■ **Available data**
------------
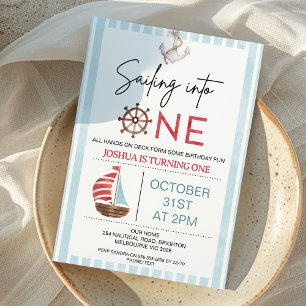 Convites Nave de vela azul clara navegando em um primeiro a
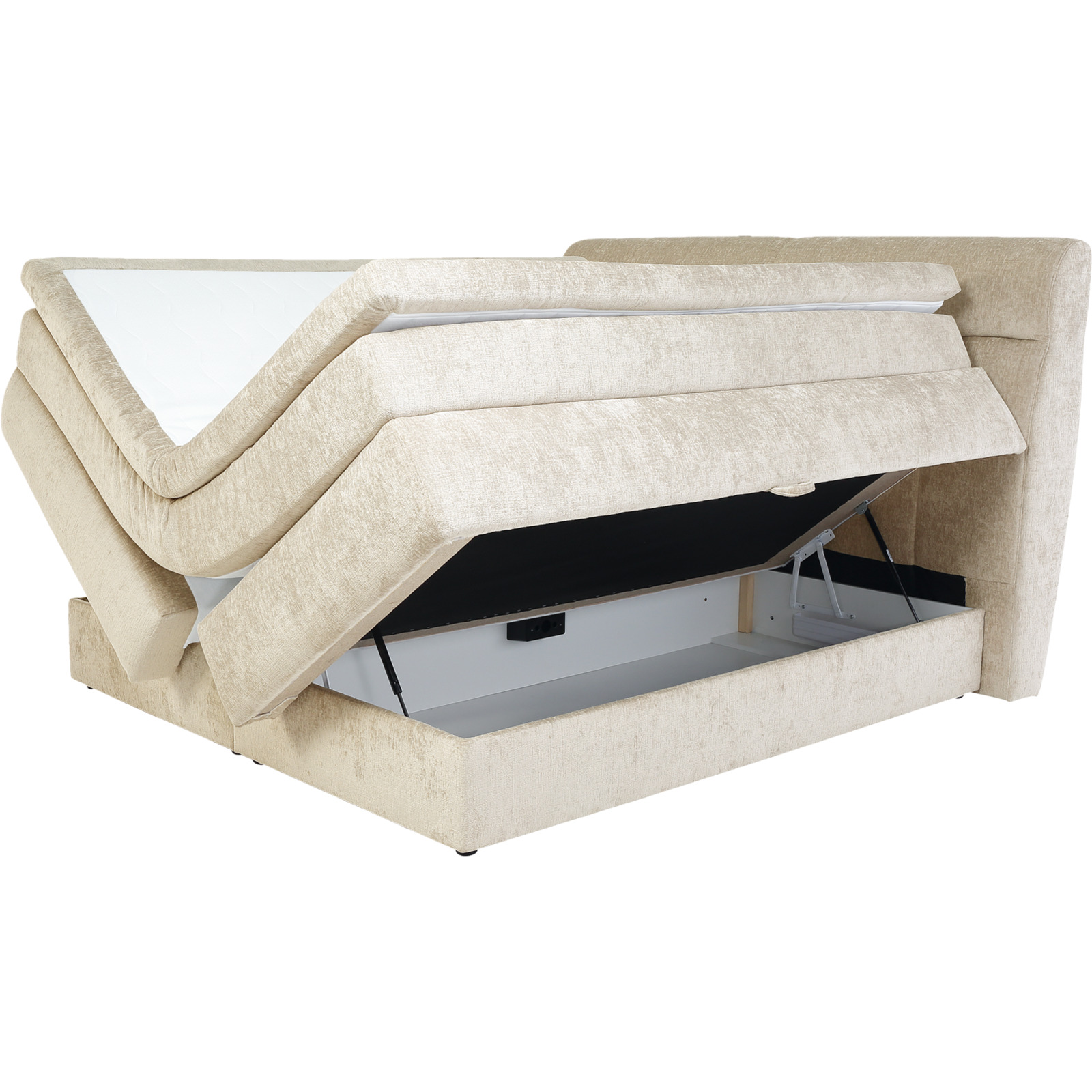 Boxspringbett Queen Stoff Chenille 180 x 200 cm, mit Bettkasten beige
------------
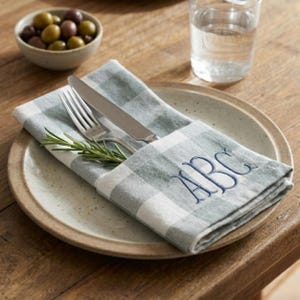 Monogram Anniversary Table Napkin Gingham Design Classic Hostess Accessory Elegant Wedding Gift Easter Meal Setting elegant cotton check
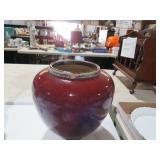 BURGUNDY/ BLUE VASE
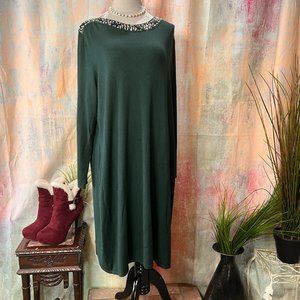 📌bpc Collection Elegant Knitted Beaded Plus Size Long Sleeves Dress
------------
Keep to the stretch from the line containing "Convites Nave de" through the line containing "Boxspringbett Queen Stoff", both ends included, and copy it exactly from the listing above, minus the pictures.

■ **Result of this exercise**
 Convites Nave de vela azul clara navegando em um primeiro a
 Boxspringbett Queen Stoff Chenille 180 x 200 cm, mit Bettkasten beige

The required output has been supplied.